(DIRECTIONS FOR THIS TASK) Output all entries exactly; images excluded.

(SUPPLIED INFORMATION)
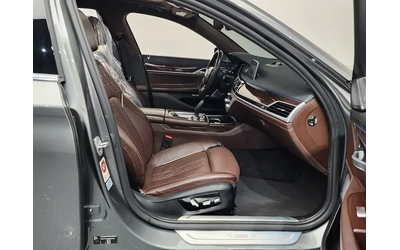 BMW 750 Li xDrive Premium - автомобили, коли, обяви за нови и употребявани 10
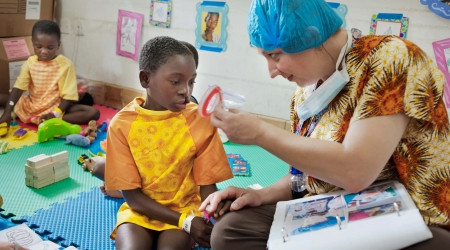 Judy Nguyễn lần đầu tiên biết đến Operation Smile vào năm 1997 và bị ấn tượng bởi cam kết của tổ chức phi lợi nhuận này trong việc kiểm soát chất lượng và đảm bảo tất cả bệnh nhân được chăm sóc tốt nhất có thể. "Bạn có thể cảm thấy hài lòng với những gì bạn đang làm, nhưng nếu kết quả không tốt, thì bạn không làm được gì cả. Phải có kết quả tốt và phải có trách nhiệm giải trình, và tôi nghĩ Operation Smile đã làm rất tốt điều đó". Ảnh: Operation Smile. 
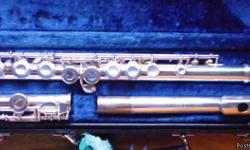 Gently used gemeinhardt flute. Recently cleaned and new finger pads. Valued at $540 . Great for beginners and intermediate players. Sound quality is rich but bright, very clear and easy to hear. Comes with case.
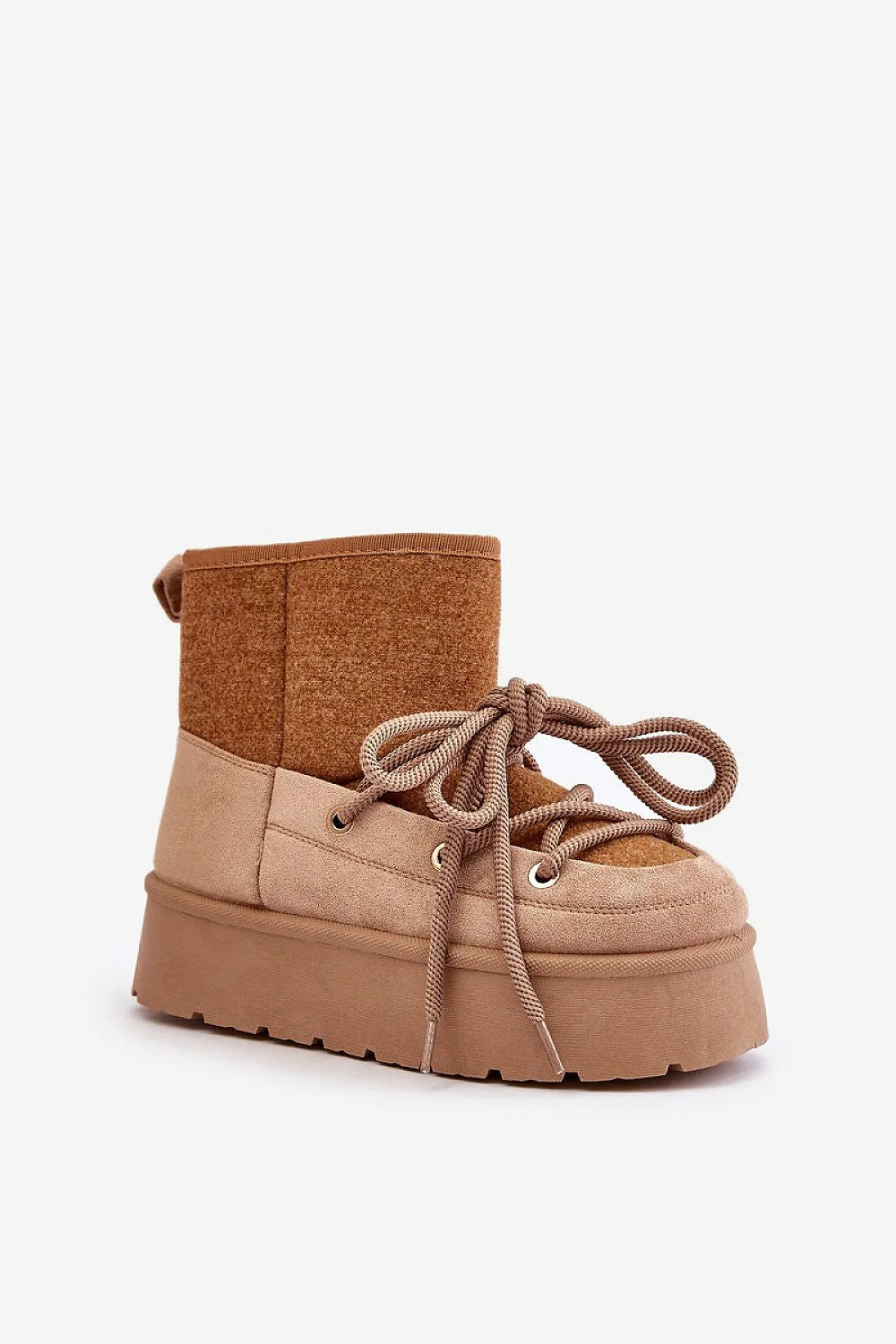 bottines plateforme épaisse cuir suédé beige fourrure doublure intérieure montante semelle crantée lacets épais œillets métalliques confort hivernal
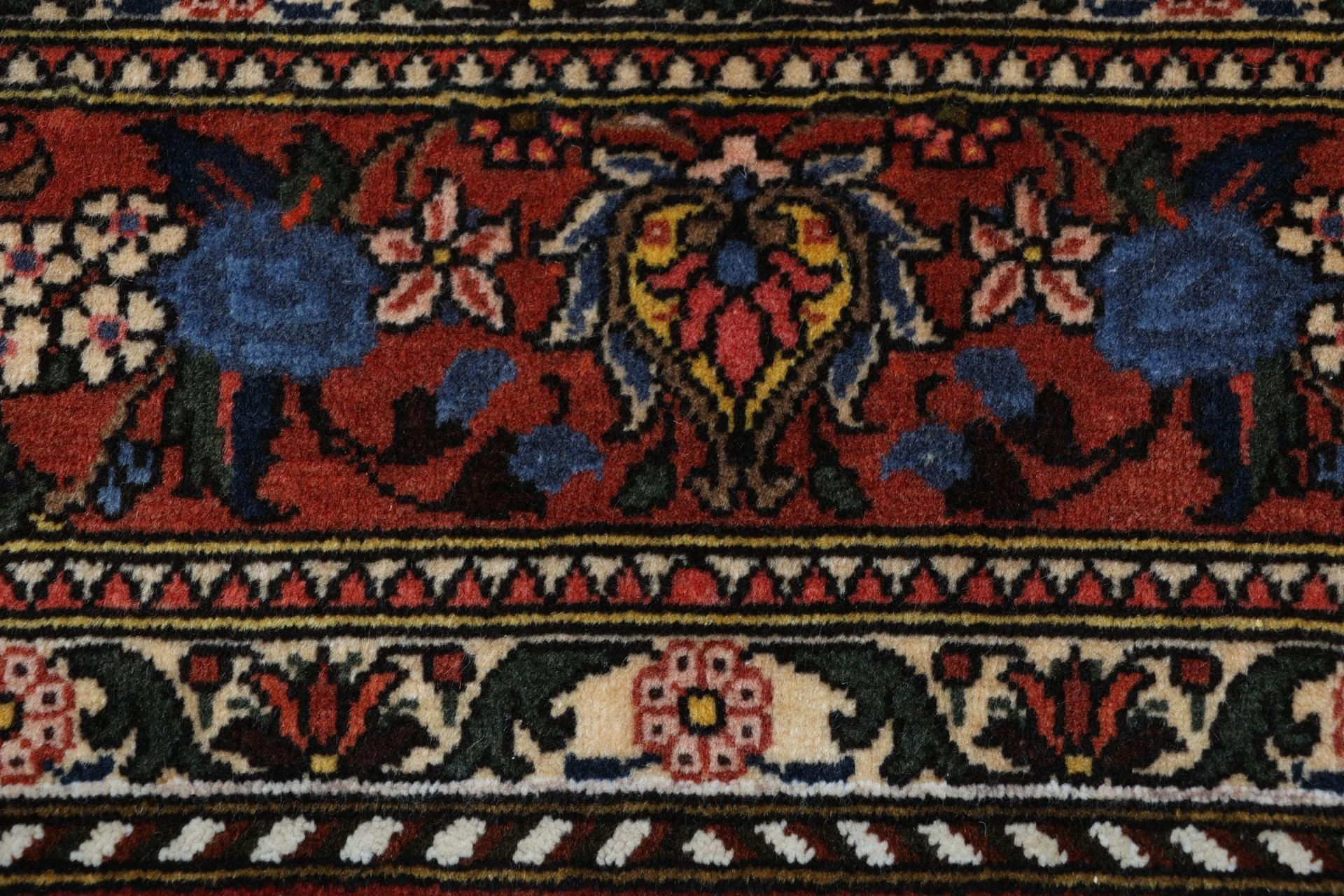 Handgeknüpfter Bakhtiari Perserteppich 162 × 242 cm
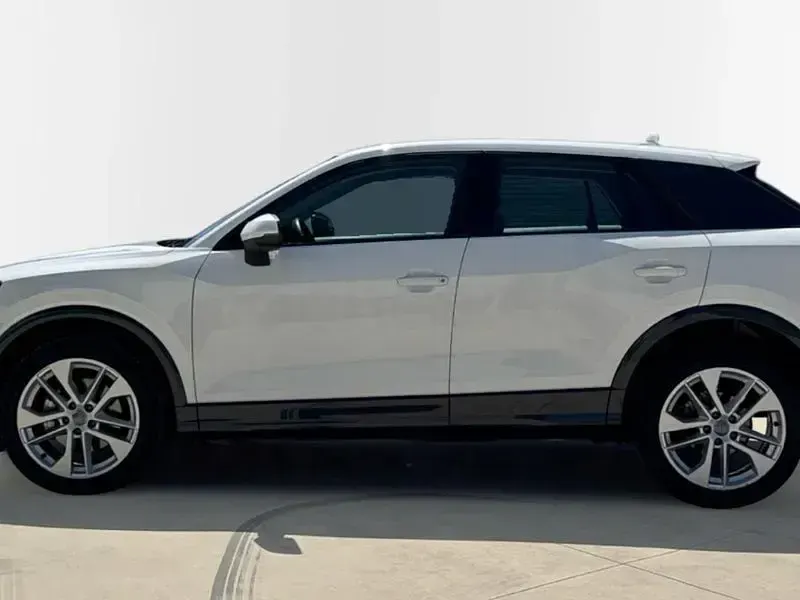 Usado Audi Q2 Design 116 CV (85 kW) 2018 Blanco SUV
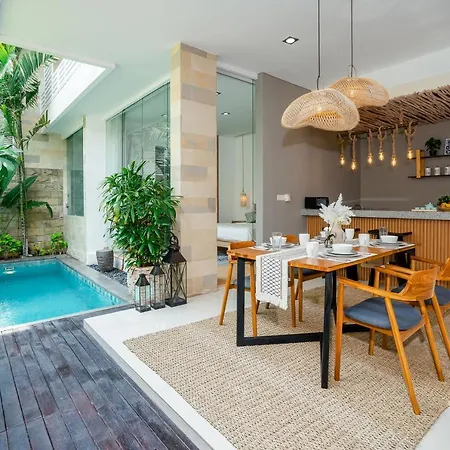 Zeta Villa - Newly Renovated 2Br In Seminyak Legian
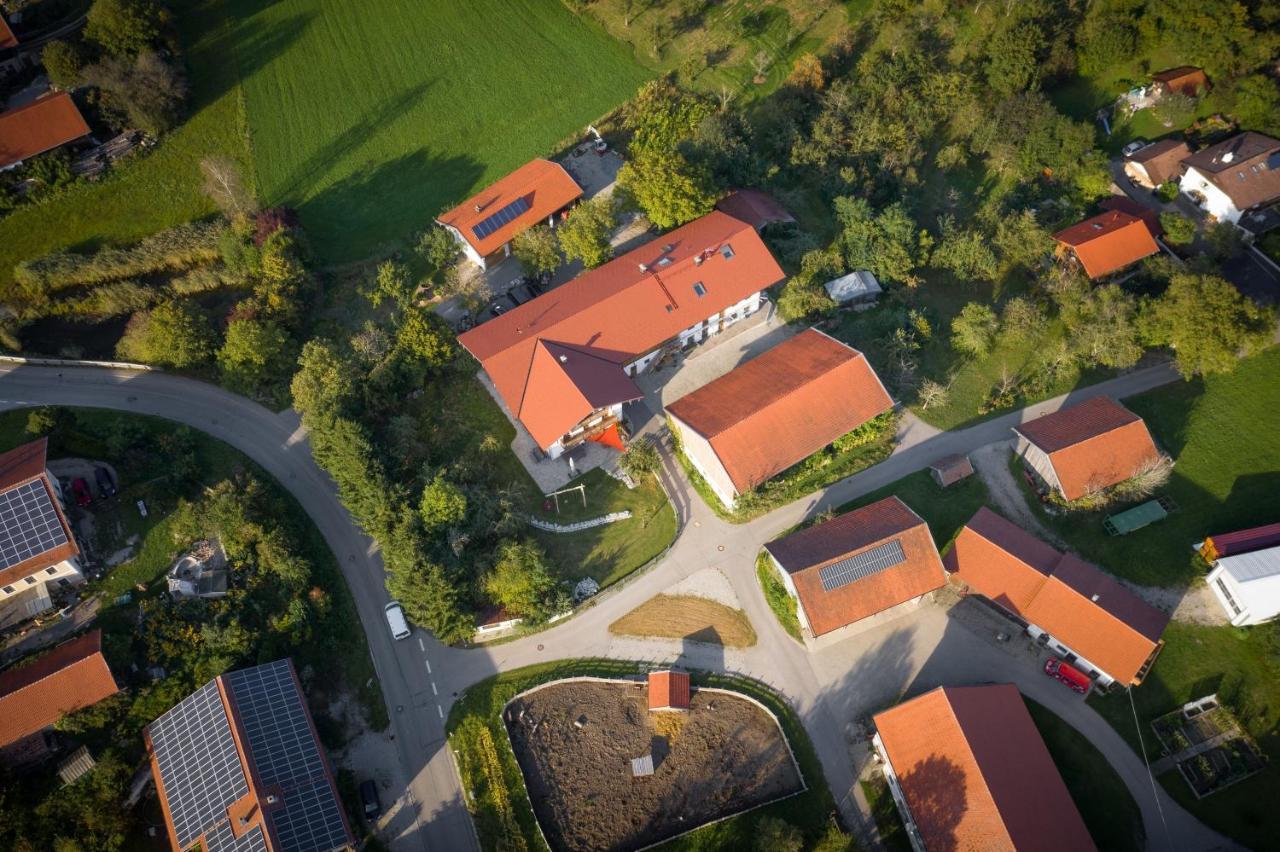 Ferienwohnung Kaindl Chieming Bagian luar foto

(RESULT FOR THIS TASK)
 BMW 750 Li xDrive Premium - автомобили, коли, обяви за нови и употребявани 10
 Judy Nguyễn lần đầu tiên biết đến Operation Smile vào năm 1997 và bị ấn tượng bởi cam kết của tổ chức phi lợi nhuận này trong việc kiểm soát chất lượng và đảm bảo tất cả bệnh nhân được chăm sóc tốt nhất có thể. "Bạn có thể cảm thấy hài lòng với những gì bạn đang làm, nhưng nếu kết quả không tốt, thì bạn không làm được gì cả. Phải có kết quả tốt và phải có trách nhiệm giải trình, và tôi nghĩ Operation Smile đã làm rất tốt điều đó". Ảnh: Operation Smile. 
 Gently used gemeinhardt flute. Recently cleaned and new finger pads. Valued at $540 . Great for beginners and intermediate players. Sound quality is rich but bright, very clear and easy to hear. Comes with case.
 bottines plateforme épaisse cuir suédé beige fourrure doublure intérieure montante semelle crantée lacets épais œillets métalliques confort hivernal
 Handgeknüpfter Bakhtiari Perserteppich 162 × 242 cm
 Usado Audi Q2 Design 116 CV (85 kW) 2018 Blanco SUV
 Zeta Villa - Newly Renovated 2Br In Seminyak Legian
 Ferienwohnung Kaindl Chieming Bagian luar foto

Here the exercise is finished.